For some unknown reason, I noticed my hands today, and … once again thought to myself how very much they are like my Mother’s hands in her later days.  It is a bit startling to see that as I somehow tend to think that I am at least forty years younger than I actually am – until I catch a glimpse of my aging self in a mirror as I walk by or if… as I just mentioned… I notice my hands for a moment. Years ago, my sister caught a glimpse of herself in her foyer mirror and thought she saw our grandmother.  She immediately made an appointment to have her hair colored. I found the whole episode hysterically funny for some reason – perhaps it was the way she was retelling it. Perhaps it was because I remember what this particular Grandma looked like – sort of scary. Oddly enough though I cannot remember this grandma’s hands.  Anyway … we all cope in different ways. I for one, tend not to look in mirrors unless it is totally unavoidable like when brushing teeth or blow-drying hair. Further… I am too lazy to do anything with the color of my hair.  It is what it is and I have other things that I am concerned about.  As far as sitting in front of a lighted mirror at a hairdresser goes -- about all I can stand is an occasional overdue haircut. But that’s just me.  At least at a hairdresser, one can tuck hands under the cape thing.

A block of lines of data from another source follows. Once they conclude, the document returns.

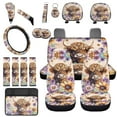thumbnail image 1 of Uorisanigo Aztec Baby Highland Cow 18 PCS Car Seat Covers Set, with Steering Wheel Cover Cup Holder Coaster Seatbelt Shoulder Pad Center Console Cover Hand Brake Gear Shift Protector Keychain, 1 of 7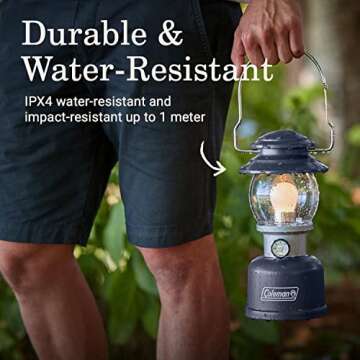 Coleman Classic LED Lantern, 300L/500L Handheld Lantern with Hanging Handle, Durable & Water-Resistant Lantern with Long Runtime for Camping, Emergencies, & at-Home Usage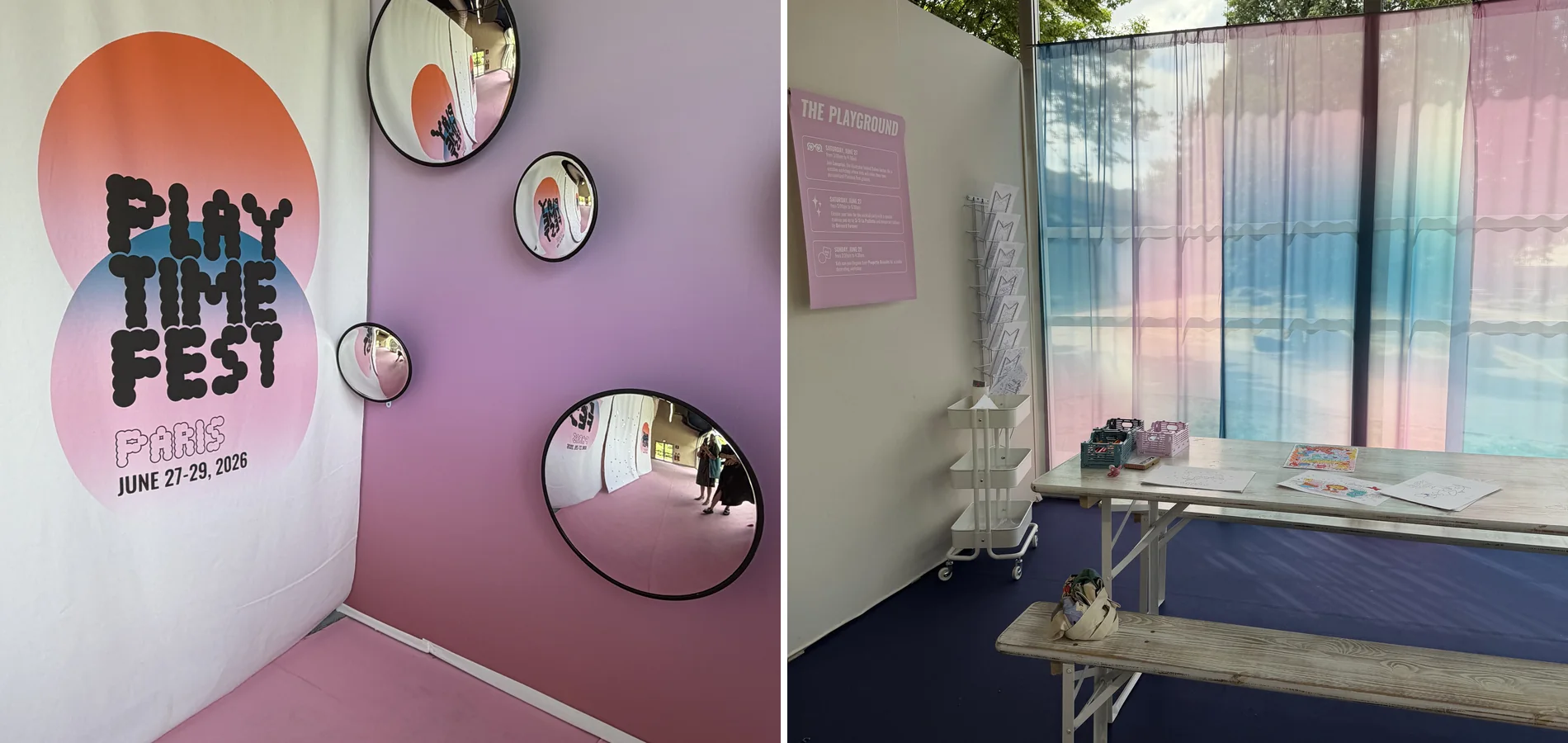 Accueil de Playtime Paris et décor graphique imaginé par Picaflore
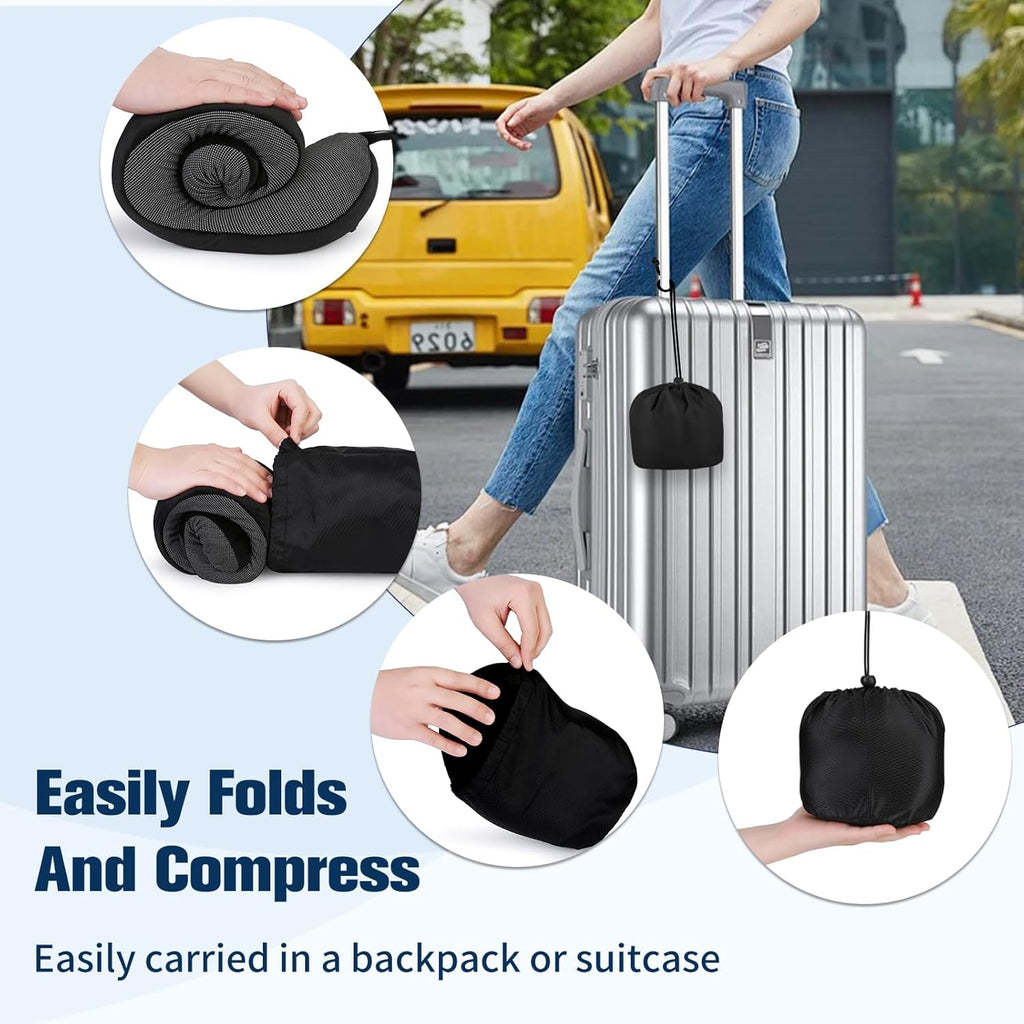 Cirorld Travel Neck Pillow - 100% Pure Memory Foam, Adjustable Comfort with Eye Mask & Earplugs | Portable Travel Accessory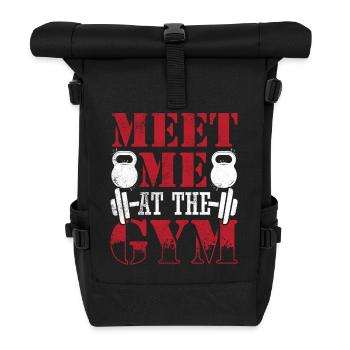 Meet Me in Gym Fitness Design - Roll Top Backpack - black - Front
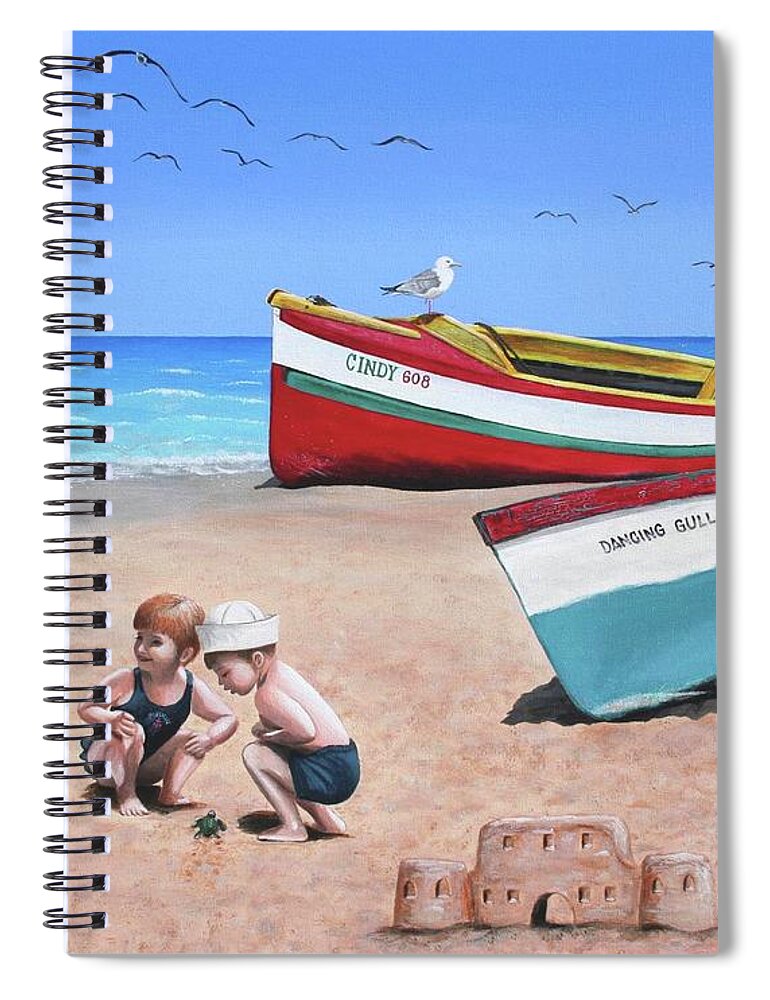 Folk Art Spiral Notebook featuring the painting To the Rescue by Wilfrido Limvalencia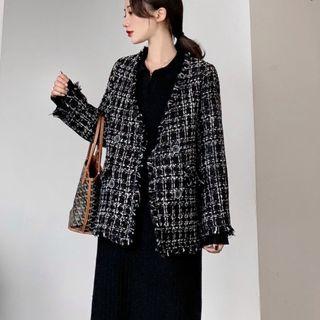 Double-breasted Tweed Jacket As Shown In Figure - One Size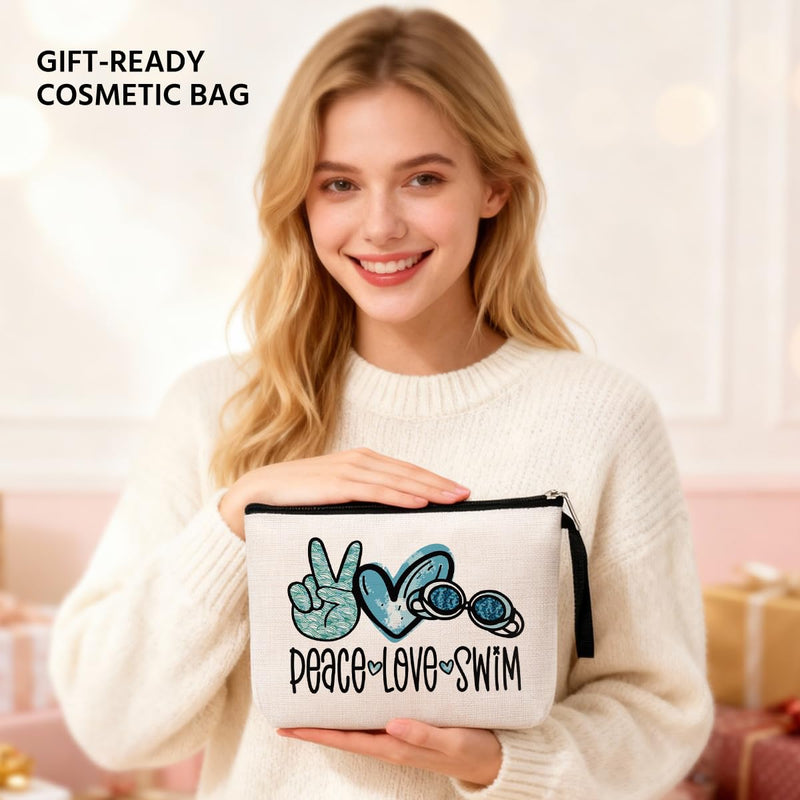 Jztco Swimming Bag Funny Swimming Gifts for Swimming Team Gifts Swim Gifts, Swim Teacher Gifts, Swimming Makeup Bag Thank You Birthday Gifts for Women Her Female Swimmer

Anyway -- really seeing my hands and likening them to my Mom’s got me to thinking about hands in general – with a special focus on women’s hands. I mean – just think of all the things that a woman’s hands do in one lifetime. The list would go on seemingly forever. Most of the things I thought about were about hands doing things for other people.  It’s amazing really.  I was watching my daughter braid her daughter’s hair just the other day.  It was somehow wonderful to see – poignant moments. Then too, I recently saw a grandmother wiping away the tears of one of her grands… also touching and memorable -- in a comforting, reassuring kind of way.  I think it is important sometimes to think of these little (maybe not so little) things.  We all know of the bigger things that hands can do… also important, but maybe these apparently “little things” are every bit as significant…or even more so…. I am certain that men’s hands are also worthy of consideration – just not in this blog today – maybe some other time. Odd though -- I always think that, a lot of the time, men's hands age better and look young longer. I guess they work differently.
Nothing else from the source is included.